Jumps became longer, parts of flowing chains of motion that ended with the Witch’s
broken scissors sticking out of a protrusion of the tree bark. Within the twitching of the increasingly brittle leaves, the rhythm of the branches and everything else moved. The bright point of the scissors became a fixed place around which all things shifted.
   Fear of the ravens kept the cold gold, unyielding hoop in his unaccustomed animal grip.
He didn’t know it, but he had discovered something that few animals that lived in the wild did. The difference between instinct and training. The practice and development of technique with a tool, an extension of oneself. The feeling of extending into an instrument. The feeling of increasing the effect of one’s will.
    Grey Squirrel imagined his confrontation with the ravens again and again, relishing the decisive, vindictive thrust at the end of every instance that didn’t end with a tattered, bloody squirrel.

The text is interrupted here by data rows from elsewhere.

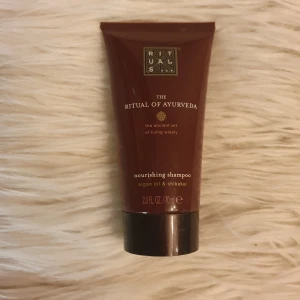 Rituals The Ritual of Ayurveda shampoo - Nourishing shampoo från Rituals The Ritual of Ayurveda med arganolja och shikakai, oanvänd. Kommer i en mörkröd tub på 70 ml med gulddetaljer.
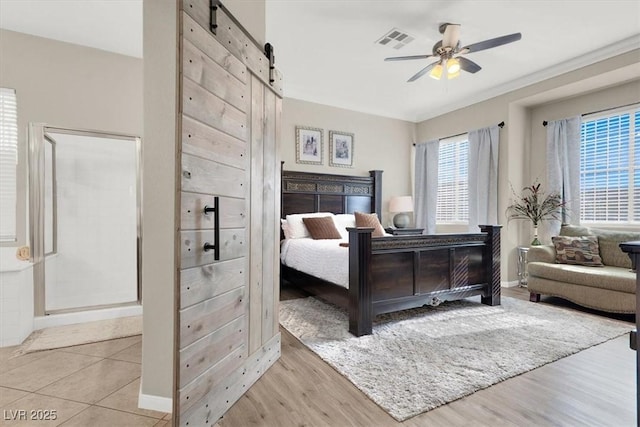 bedroom featuring ceiling fan, light hardwood / wood-style floors, and a barn door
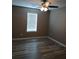 Bedroom with ceiling fan, wood-look floors, neutral walls, and natural light from a window at 5517 Rock Shoals Way, Atlanta, GA 30349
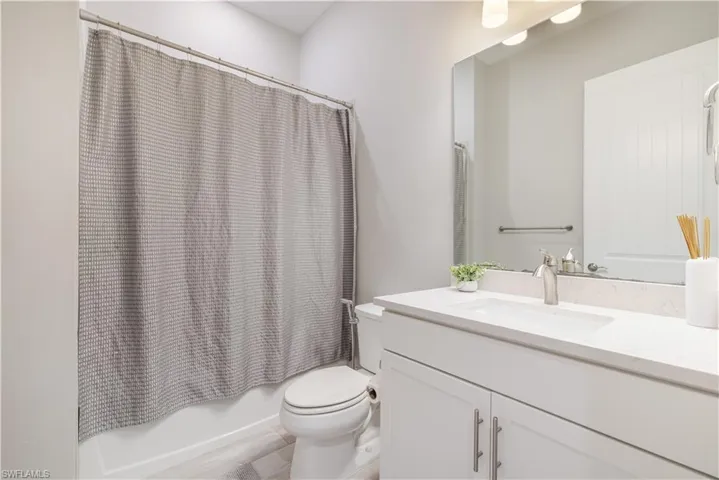 Bathroom featuring shower / bath combination with curtain and vanity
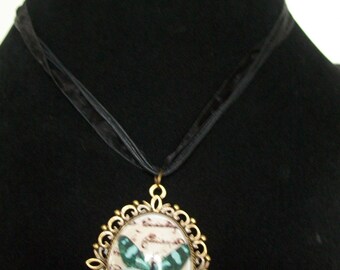 Butterfly glass cabochon necklace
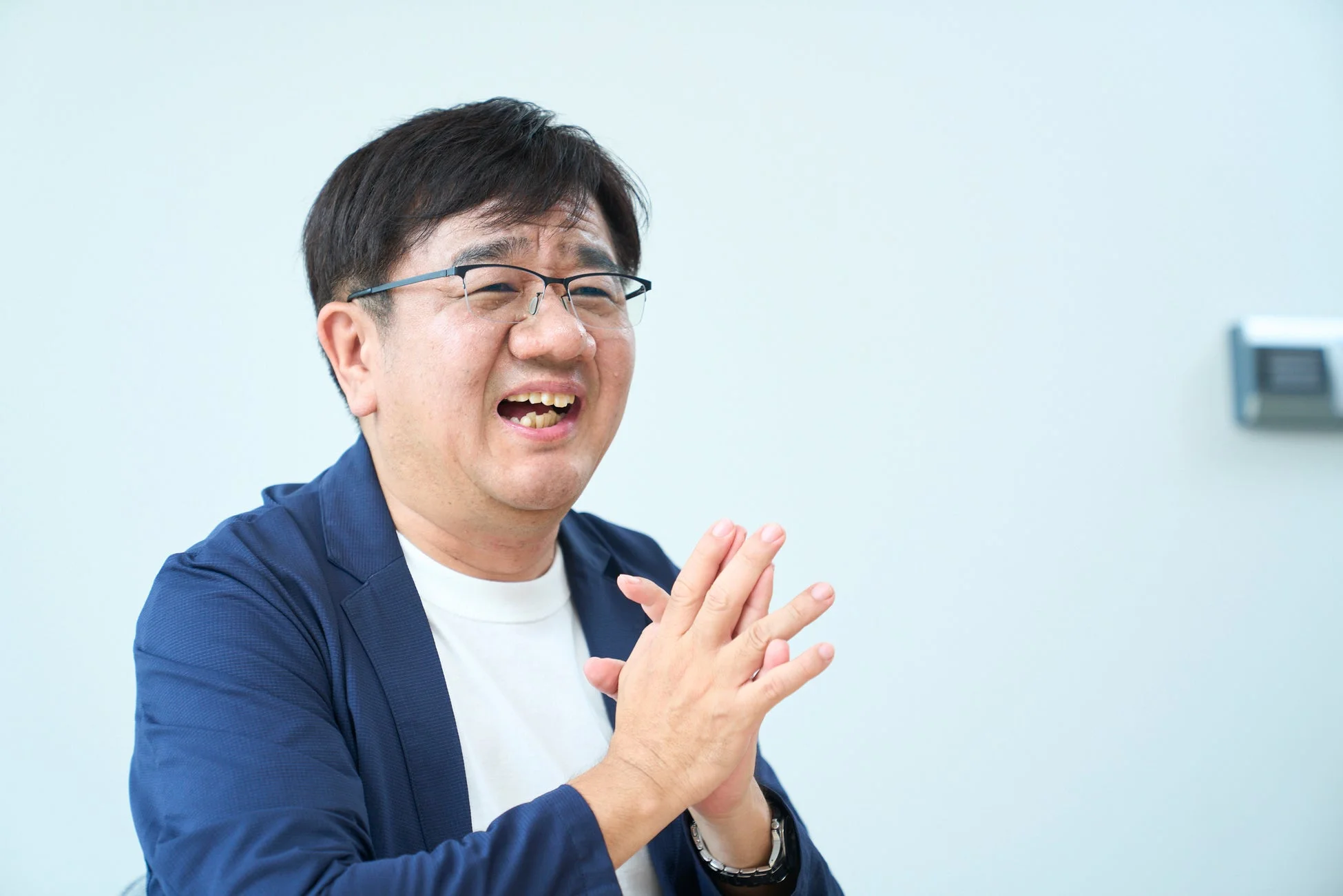 メガネをかけた中年の日本人男性が、明るい笑顔で手を組みながら話している様子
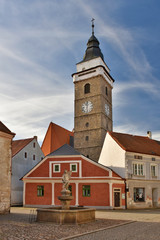 Fototapeta premium Renaissance church tower and old town houses in Slavonice, Czech Republic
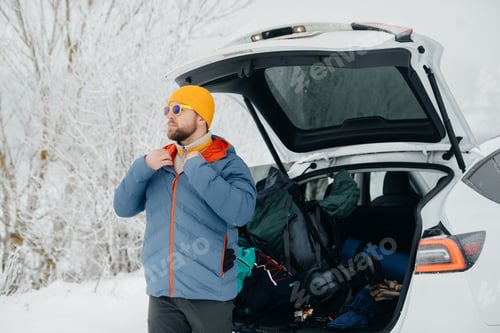 Preview: Man preparing for winter solo hike in snowy nature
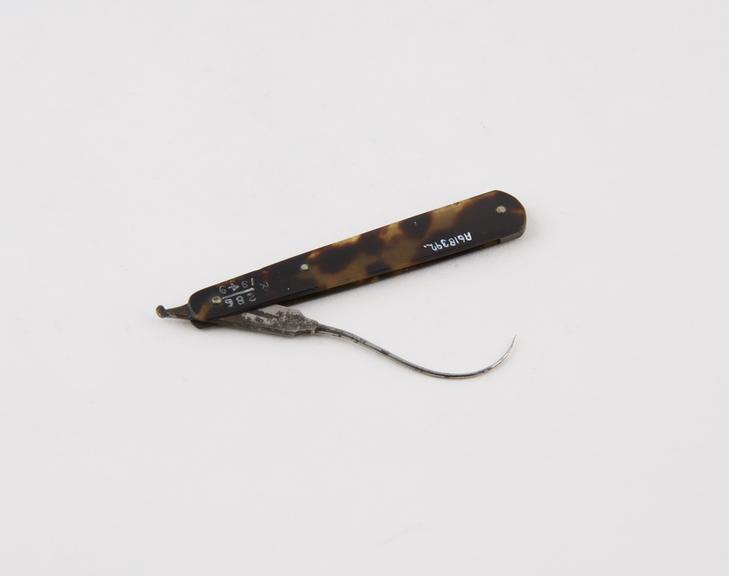 Tenaculum, steel, folding, in tortoiseshell sheath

   The Goose sat at the bar at McGlinchey's, gloomy over a glass of beer. His broad
shoulders took up two places at the bar, as he was repeatedly reminded when it was
 crowded in the evenings.
    He flinched and twitched, reseating himself on the unsteady, uncomfortable nest
provided by the barstool.
   The cavernous depths of the daytime bar were bare of the crowded coziness of night.
Worn plastic surfaces wrote their story in chipped corners and cigarette burns. Light filtered in through the unworldly colors of the leaded glass windows onto thirteenth street.
   The Bartender recognised him, which the Goose took as part of the advantage that his enchanted good looks gave him, as the Witch told him many times, over real men.
    She brought him another draft beer. The Goose sipped the cold drink, dreading the walk
home in his threadbare canadian tuxedo.